Lph: Pensez-vous alors que l’Etat doit légiférer sur une telle peine pour les terroristes?
Rav Y.S.: Je pense que les terroristes méritent la mort. Pendant l’action, il ne faut pas avoir de pitié pour eux. Mais, je suis opposé à une loi établissant la peine de mort. D’abord, parce que selon les différents services de sécurité, il s’avère que cette loi serait inefficace. Ensuite, parce que contrairement à ce que préconise nos textes sacrés, la loi n’obligera pas l’unanimité pour être appliquée. Cela me dérange.
Enfin, je ne veux pas que des Juifs en Israël aient comme métier celui de mettre en application la sentence de la peine de mort. Je sais bien que certains seraient prêts à le faire sans état d’âme. J’irais alors encore plus loin et je dirais que je ne souhaite qu’aucun Juif en Israël et encore moins ces volontaires se voient confier une telle mission.
Lph: Que vous inspirent les débats actuels autour de cette loi?
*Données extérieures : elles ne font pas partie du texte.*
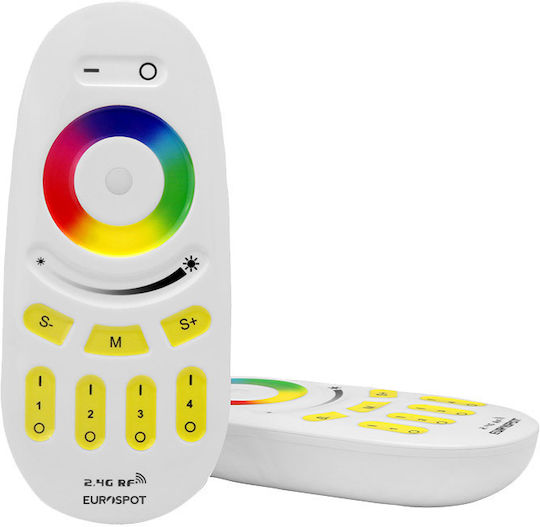 Eurospot Rf 2.4ghz Rgb Rgbw Τηλεχειριστήριο 6014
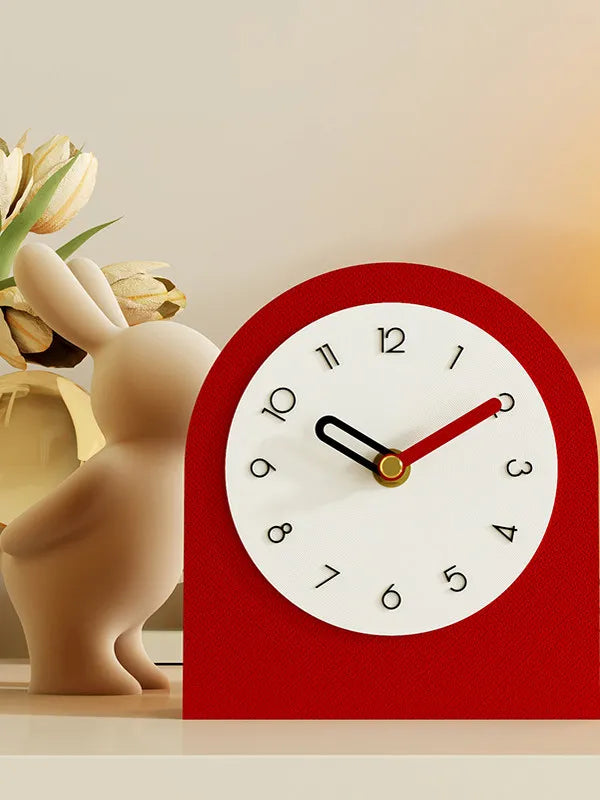 Retro Pendulum Dual-Use Desktop & Wall Clock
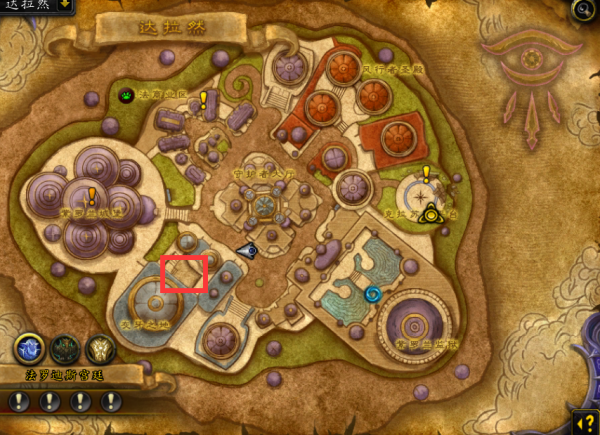 魔兽世界的传家宝可以在铁炉堡的探险者大厅购买.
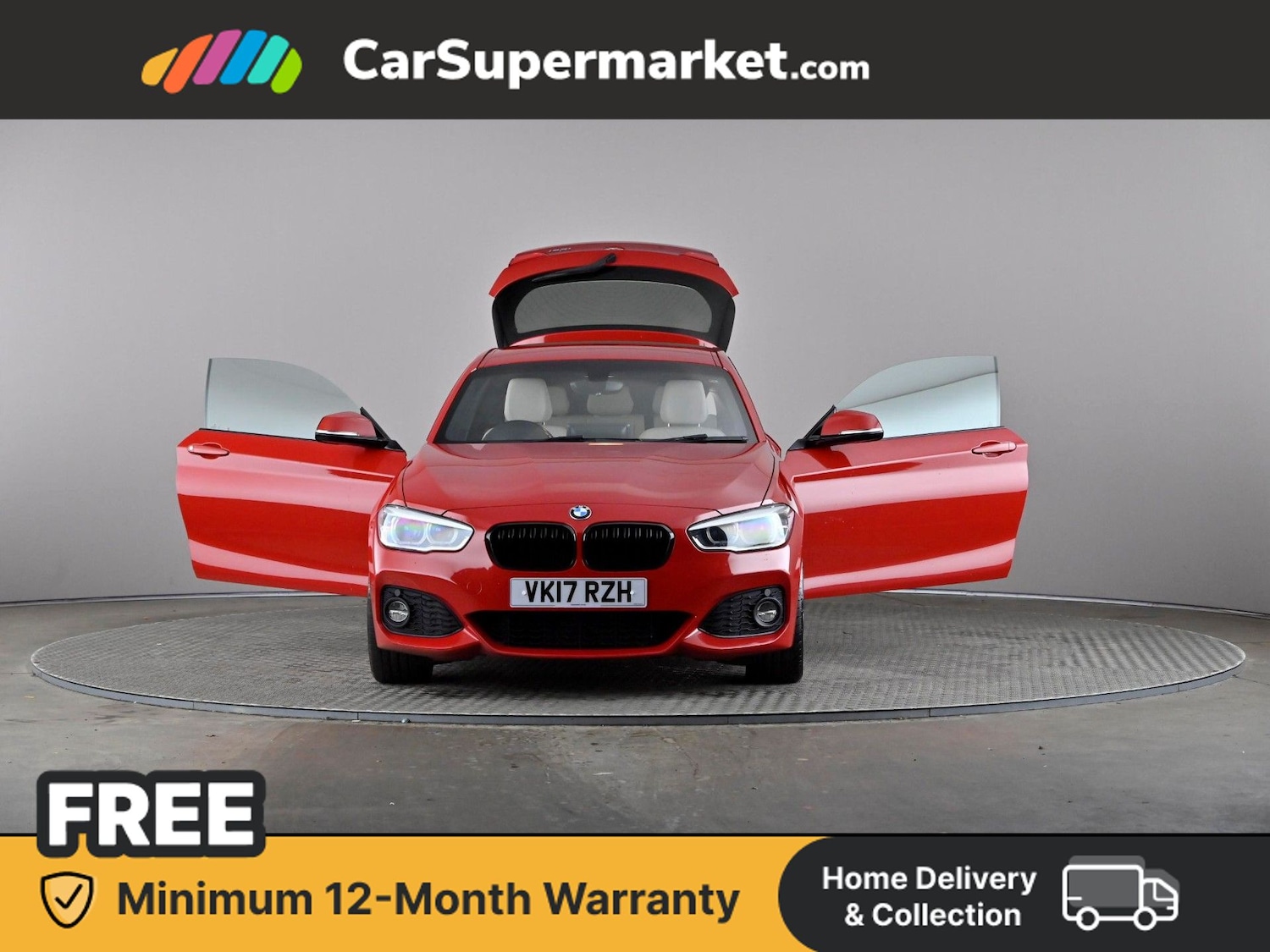 Used BMW 1 Series 2017 for sale - 77593487: Photo 8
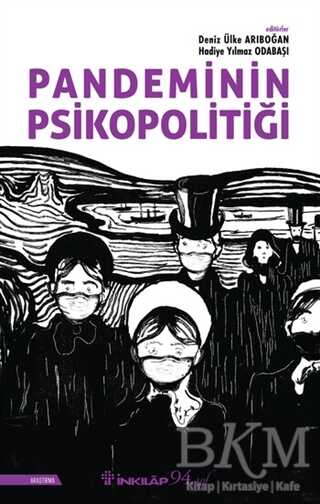 Pandeminin Psikopolitiği - Genel İnsan Ve Toplum Kitapları | Avrupa Kitabevi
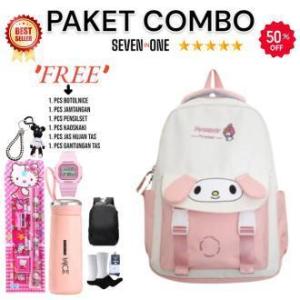 TAS RANSEL SEKOLAH ANAK PEREMPUAN SD SMP SMA TERBARU 2024 KEKINIAN CUTE KOREAN STYLE FASHION TRENDY
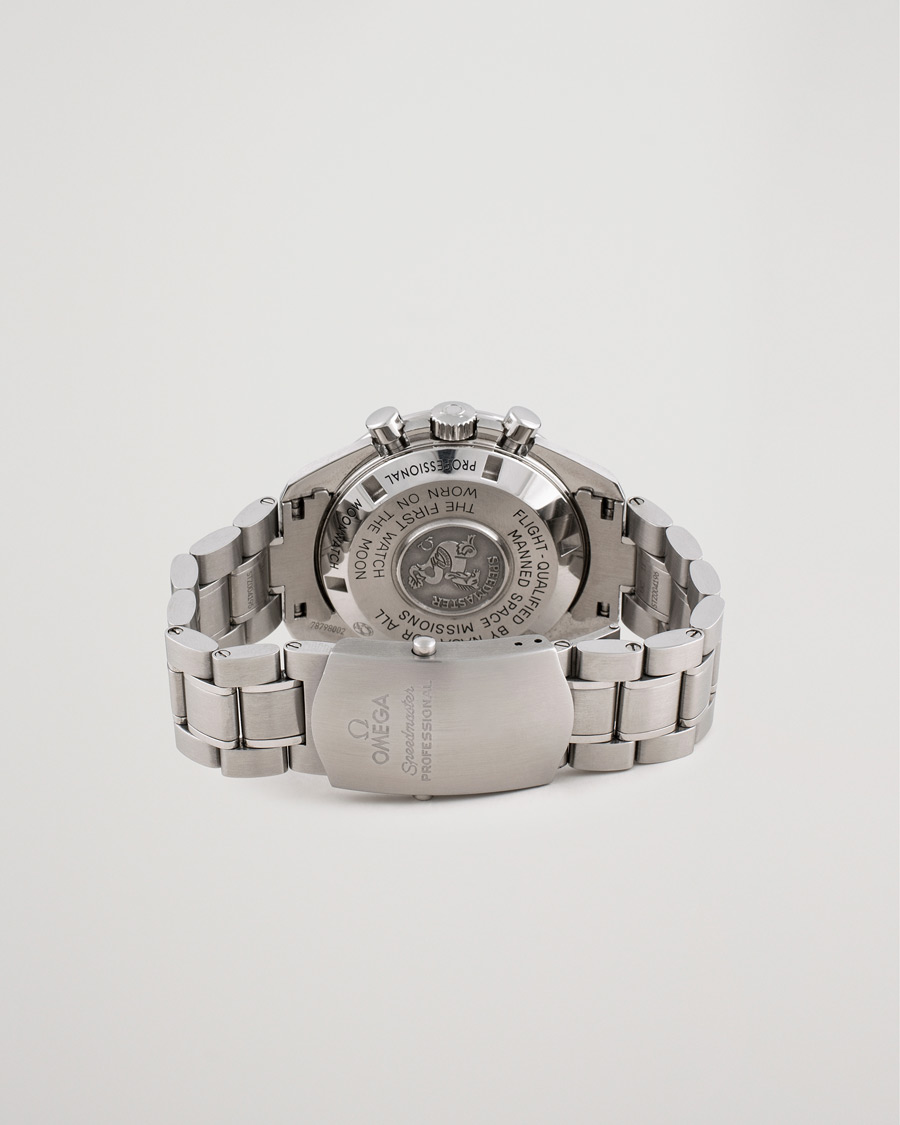 Herren | Pre-Owned & Vintage Watches | Omega Pre-Owned | Speedmaster Moonwatch PRO 005 Steel Black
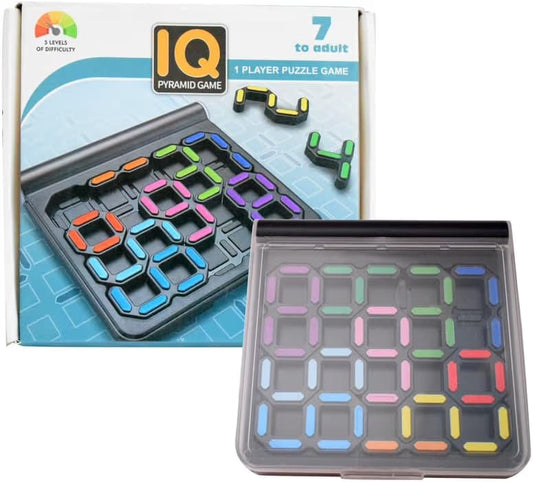 Logic Game with 120 Number Challenges, Math & Puzzle Brain Teaser for Kids & Adults,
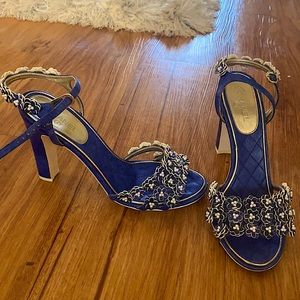 Chanel sandals size 39/US8.5 worn a few times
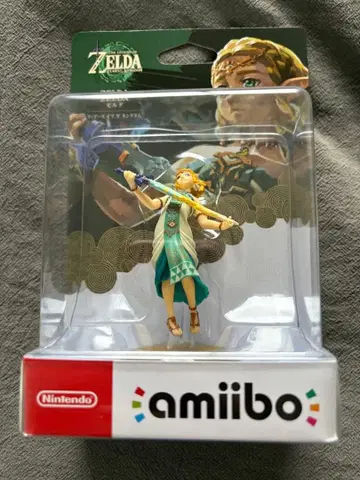 젤다 amiibo 피규어 미개봉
Rav Y.S.: Les débats sont toujours bons au sein d’une société. Ce qui m’inspire en revanche un sentiment de malaise c’est l’impression que la peine de mort est devenue un sujet de deal politique. On marchande le soutien à cette loi contre un vote pour une autre loi. Un tel sujet devrait être épargné de toutes ces considérations politiciennes. A mon grand regret, la peine de mort n’est pas assez prise au sérieux par nos dirigeants qui semblent parfois ne plus faire la différence entre ce qui est politique et ce qui ne peut pas l’être.